Plans cannot deny coverage or charge more based on pre-existing conditions under the ACA. While some plans can be purchased directly from an insurance company outside the Marketplace, these direct plans do not qualify for premium tax credits or cost-sharing reductions.
As individuals approach age 65, preparing for the transition to Medicare becomes a primary focus. Medicare typically begins at age 65. This federal health insurance program consists of several parts covering different types of medical expenses.
Medicare Part A, known as Hospital Insurance, generally covers inpatient hospital stays, care in a skilled nursing facility, and hospice care.
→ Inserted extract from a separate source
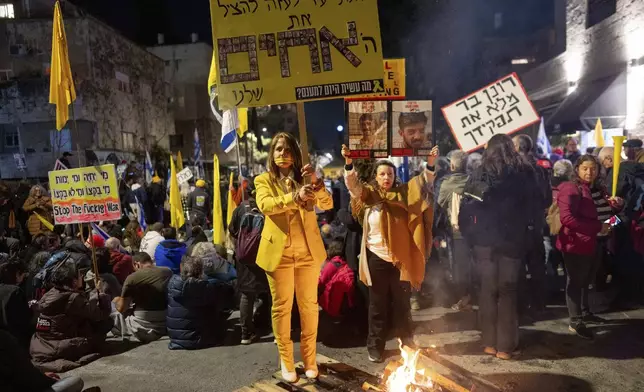 Israelis take part in a protest against Israeli Prime Minister Benjamin Netanyahu's government, and the release of the hostages held in the Gaza Strip by the Hamas militant group, in Jerusalem,Sunday, March 2, 2025. (AP Photo/Ohad Zwigenberg)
Most individuals receive Part A without paying a monthly premium if they or their spouse paid Medicare taxes through employment for at least 10 years.
Medicare Part B, or Medical Insurance, helps cover doctor services, outpatient care, durable medical equipment, and certain preventive services. Most beneficiaries pay a monthly premium for Part B, which was $185 in 2025 for most individuals, though higher-income earners pay more.
Beyond Original Medicare (Parts A and B), individuals can choose additional coverage options. Medicare Part C, also referred to as Medicare Advantage, is offered by private insurance companies approved by Medicare. These plans bundle Part A, Part B, and typically Part D (prescription drug coverage), often including additional benefits like vision or dental care. Medicare Part D provides prescription drug coverage, also through private plans. Separately, Medicare Supplement Insurance, or Medigap, helps cover out-of-pocket costs such as copayments, coinsurance, and deductibles that Original Medicare does not cover.
Enrollment in Medicare is time-sensitive to avoid potential penalties. The Initial Enrollment Period (IEP) is a seven-month window that begins three months before the month an individual turns 65, includes their birthday month, and extends for three months after.
Delaying Part B enrollment can result in a permanent 10% premium increase for each full 12-month period it was delayed, unless a Special Enrollment Period applies. A late enrollment penalty for Part D can be assessed, calculated as 1% of the national base beneficiary premium for each month delayed, added to the monthly premium for as long as the individual has Part D.
Individuals receiving Social Security benefits at least four months before their 65th birthday are typically automatically enrolled in Parts A and B. When Medicare coverage begins, any existing COBRA or ACA Marketplace coverage will either cease or coordinate with Medicare, depending on the specific plan terms. If still working at age 65 and covered by an employer’s group health plan, it may be possible to delay Part B enrollment without penalty.